Start of DATA PROVIDED

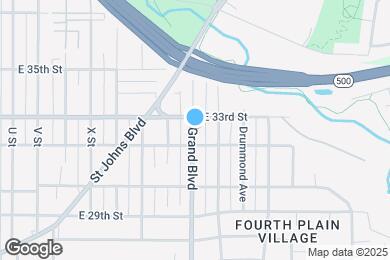 Map image of the property - 3213 Grand Blvd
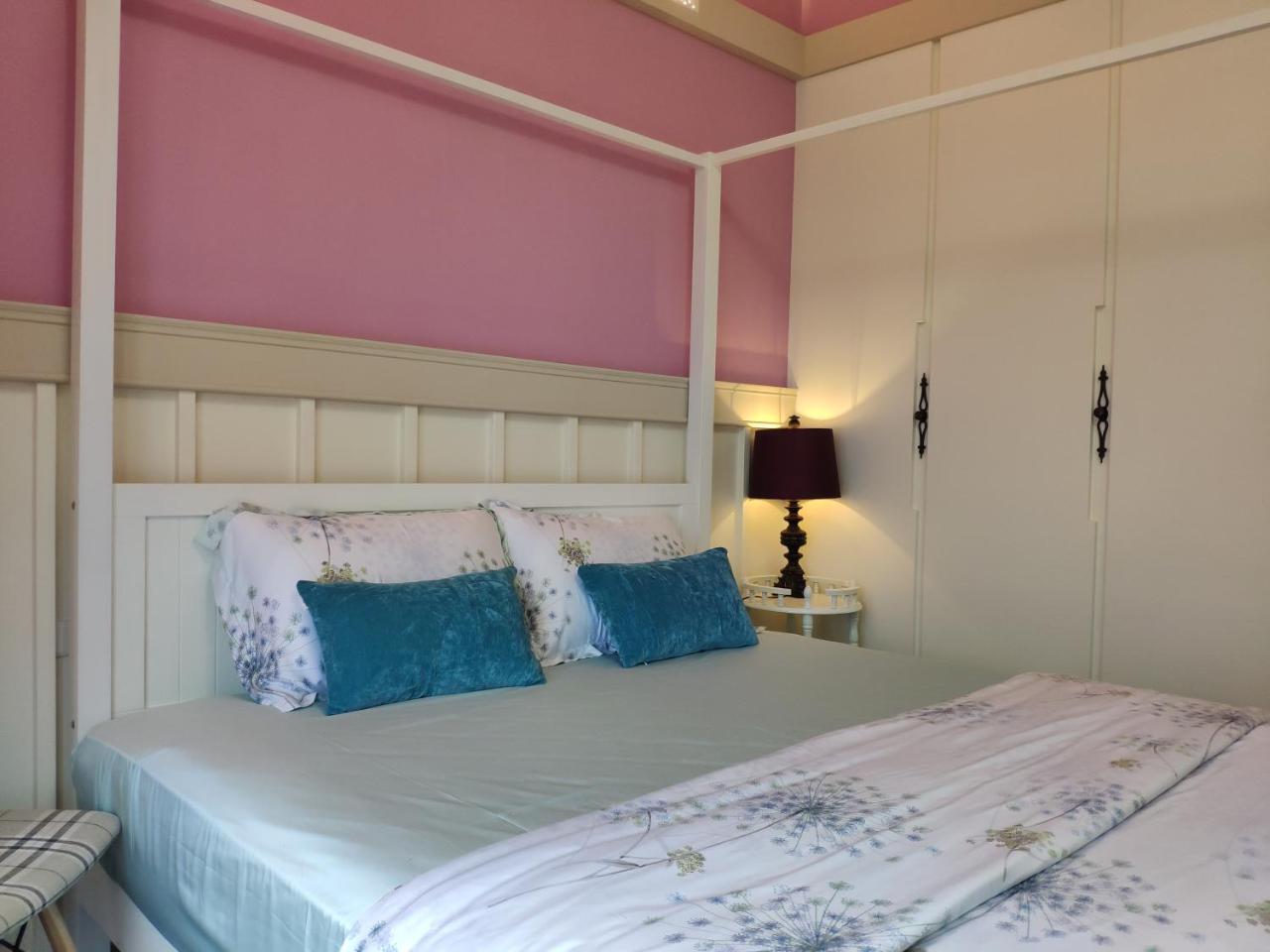 Teacher Cai Homeestay Xiaoliuqiu Dış mekan fotoğraf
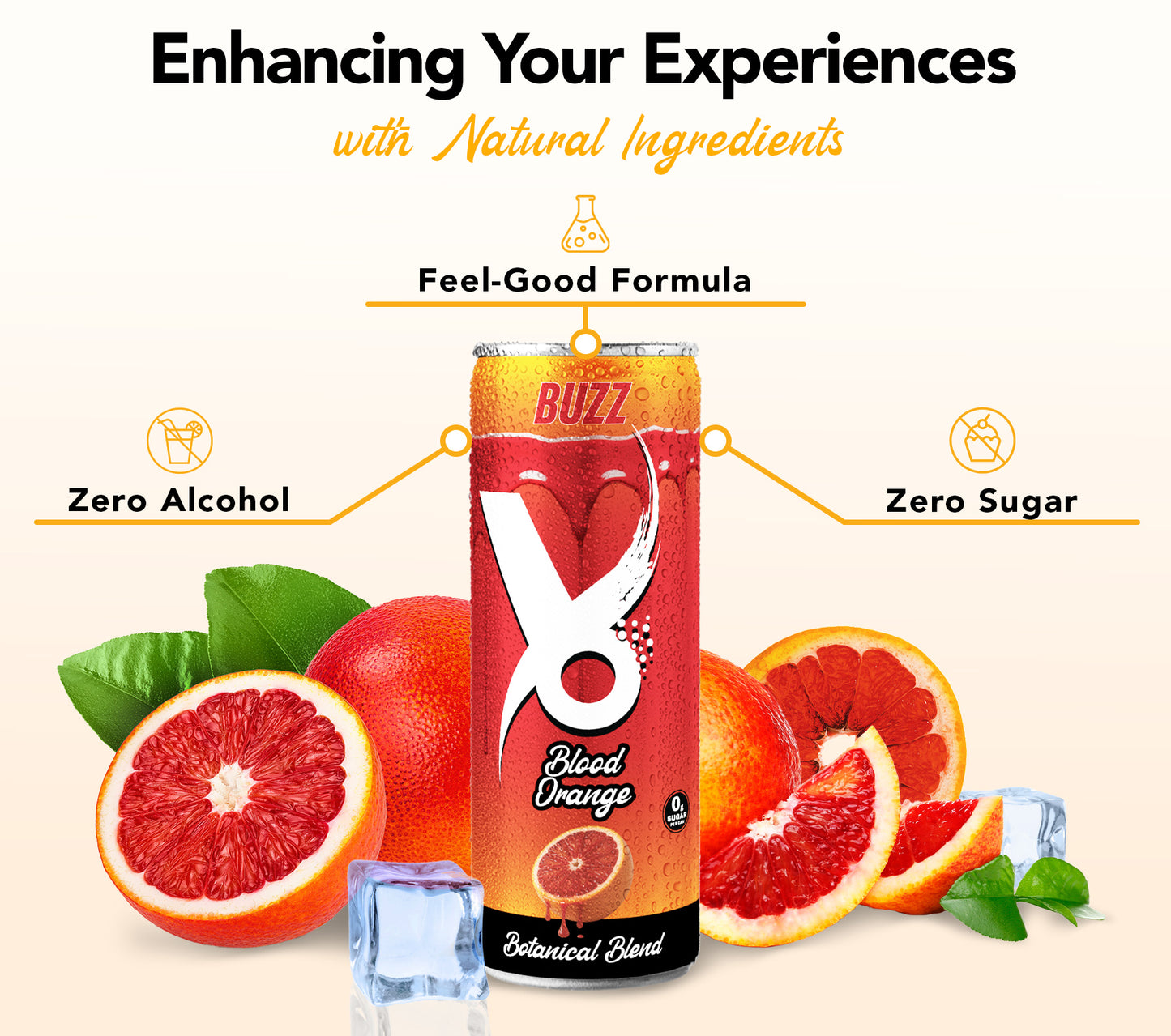 Blood Orange Buzz Blend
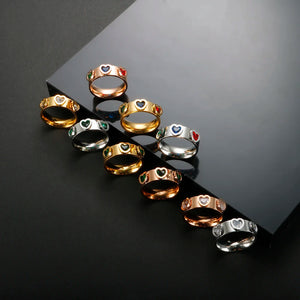 Anel Sweet Heart Vellery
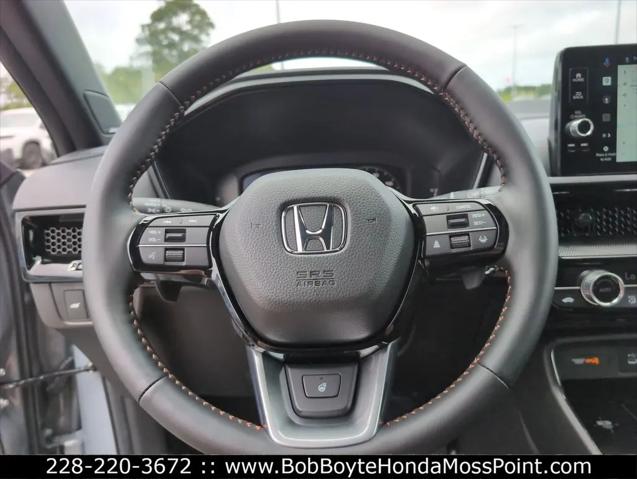2026 Honda CR-V Hybrid AWD Sport Touring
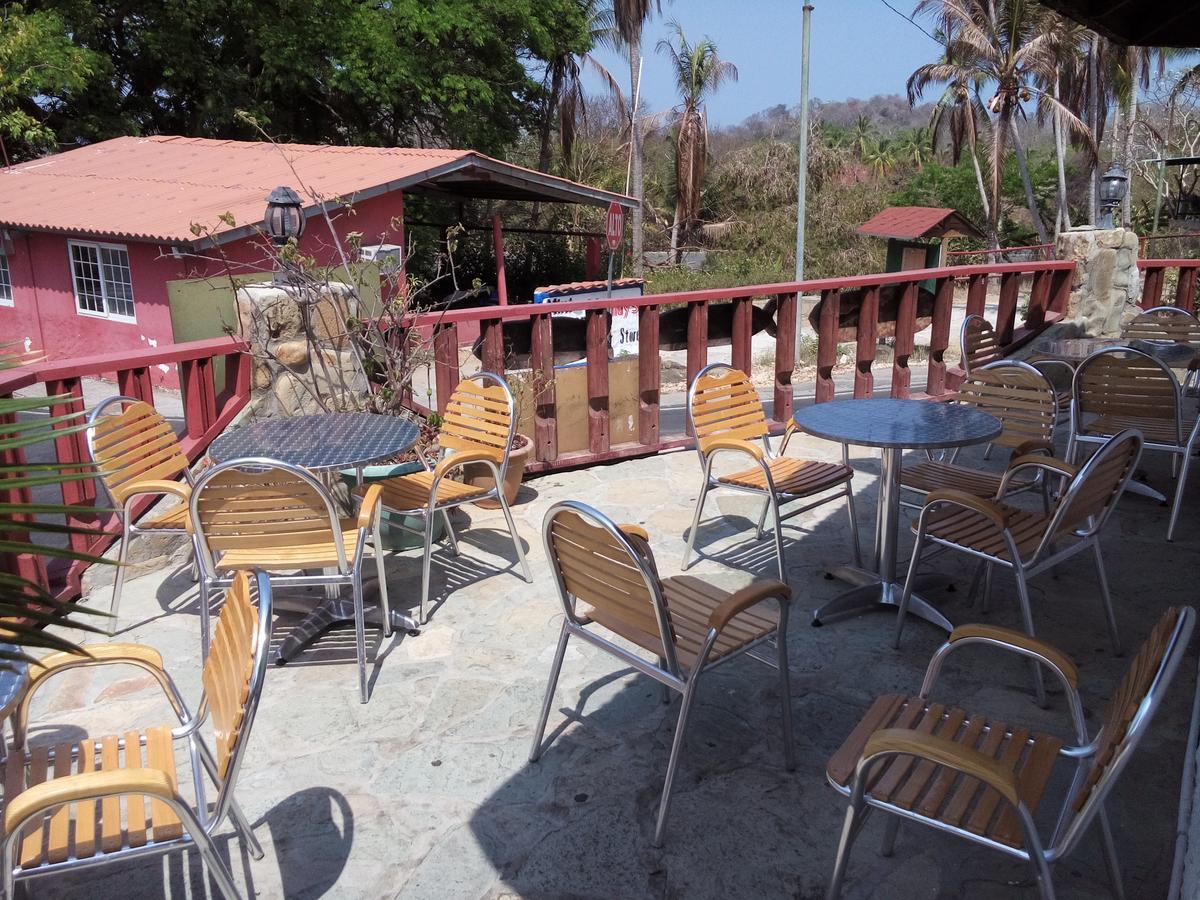 Hotel Contadora Contadora Island ภายนอก รูปภาพ
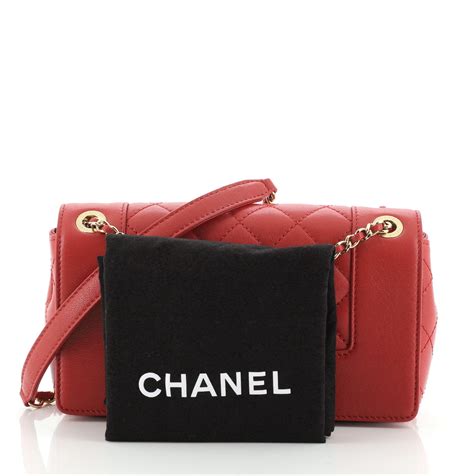 chanel mademoiselle vintage flap bag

End of DATA PROVIDED

Quote the preceding listing precisely and completely, omitting its images.

 Map image of the property - 3213 Grand Blvd
 Teacher Cai Homeestay Xiaoliuqiu Dış mekan fotoğraf
 Blood Orange Buzz Blend
 Anel Sweet Heart Vellery
2026 Honda CR-V Hybrid AWD Sport Touring
 Hotel Contadora Contadora Island ภายนอก รูปภาพ
 chanel mademoiselle vintage flap bag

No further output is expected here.